Esta es sin duda una opinión compartida por mucha gente, el 7 de julio fue publicada la encuesta Imaginacción, que tuvo por tema la contaminación ambiental. Entre los resultados obtenidos, se destaca que un 78,6% de los entrevistados considera la contaminación ambiental como un problema “muy grave”. En un porcentaje similar, un 78,4% estimaba que las medidas para combatir la contaminación han sido “insuficientes. Finalmente, un 89,5% de los encuestados estimó que es necesario medidas más duras para combatir el smog.

¿Qué podemos hacer nosotros ciudadanos y que puede hacer el gobierno para cambiar esto? Este año se está formulando el anteproyecto del nuevo Plan de Prevención y Descontaminación Atmosférica (PPDA) para la Región Metropolitana el cual contendrá las medidas de control de las emisiones directas de material particulado (MP) a ejecutar el próximo año.

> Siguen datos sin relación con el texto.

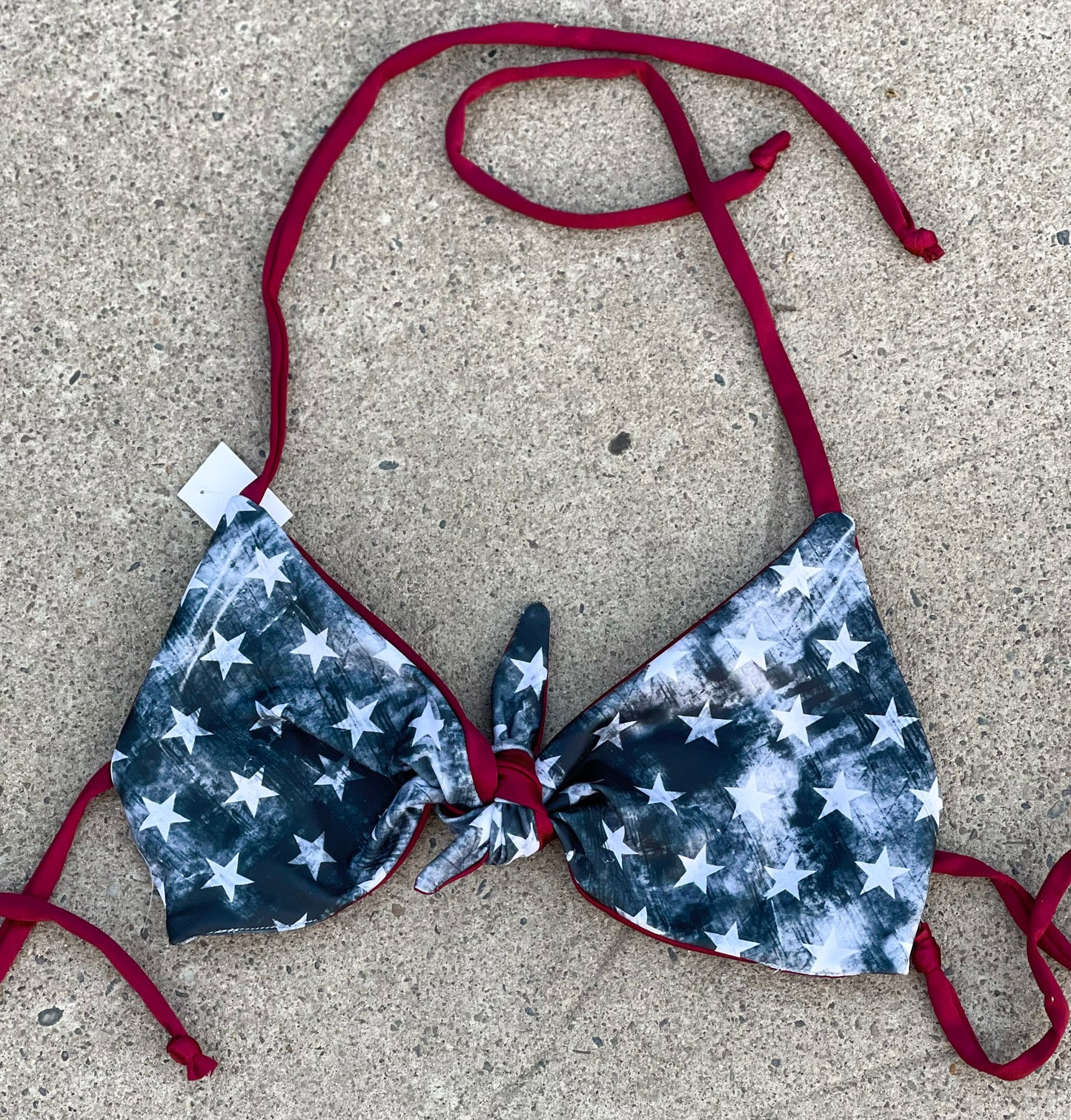Faded Stars Swimsuit Top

Las medidas actualmente vigentes nos son conocidas. Por ejemplo -según se declare una alerta, preemergencia o emergencia ambiental- la restricción del uso de vehículos con y sin sello verde; la prohibición del uso de calefactores a leña o la paralización de fuentes industriales. Luego de las 12 preemergencias acontecidas este año, es notorio que –a pesar de los avances- los controles no son suficientes para descontaminar Santiago. Por estas y otras razones es necesario reclamar a nuestras autoridades que el nuevo PPDA cuente con medidas que aseguren un Santiago sin smog los próximos inviernos.

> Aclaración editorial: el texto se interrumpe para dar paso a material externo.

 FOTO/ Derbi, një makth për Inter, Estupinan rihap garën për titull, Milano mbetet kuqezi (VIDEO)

Por el momento, el nuevo PPDA podría prohibir indefinidamente los calefactores a leña, como lo insinuó el Intendente Claudio Orrego en una entrevista en CNN Chile. Esta es una imprescindible iniciativa, teniendo en cuenta la sorprendente cifra que indica que un 40% de la contaminación proviene de este tipo de fuentes.

El Intendente Orrego va más lejos, según indicó por Radio Cooperativa el jueves 2 de julio, la autoridad se mostró favor –a modo personal- de la restricción indefinida de los vehículos catalíticos. Si bien no existe una propuesta concreta respecto al tema, la medida va en la dirección correcta.

Esta restricción tendría beneficios en distintos ámbitos de nuestra cotidianeidad, el excesivo uso de autos particulares no es sólo responsable de buena parte de la contaminación, sino también un problema para la movilización eficaz en la ciudad: los días con restricción adicional en Santiago, se constató una reducción del 45% en los tiempos de viaje en la capital. ¿Queda claro? Dos pájaros de un tiro.

Sin duda, el principal problema con esta idea es la necesidad de mejorar el transporte público de Santiago. Para que la medida pueda ser aplicable el sistema de transporte debiese incrementar la cantidad de buses, la frecuencia y extensión de los recorridos.  El desafío es grande, pero el incentivo a cambiar aún mayor.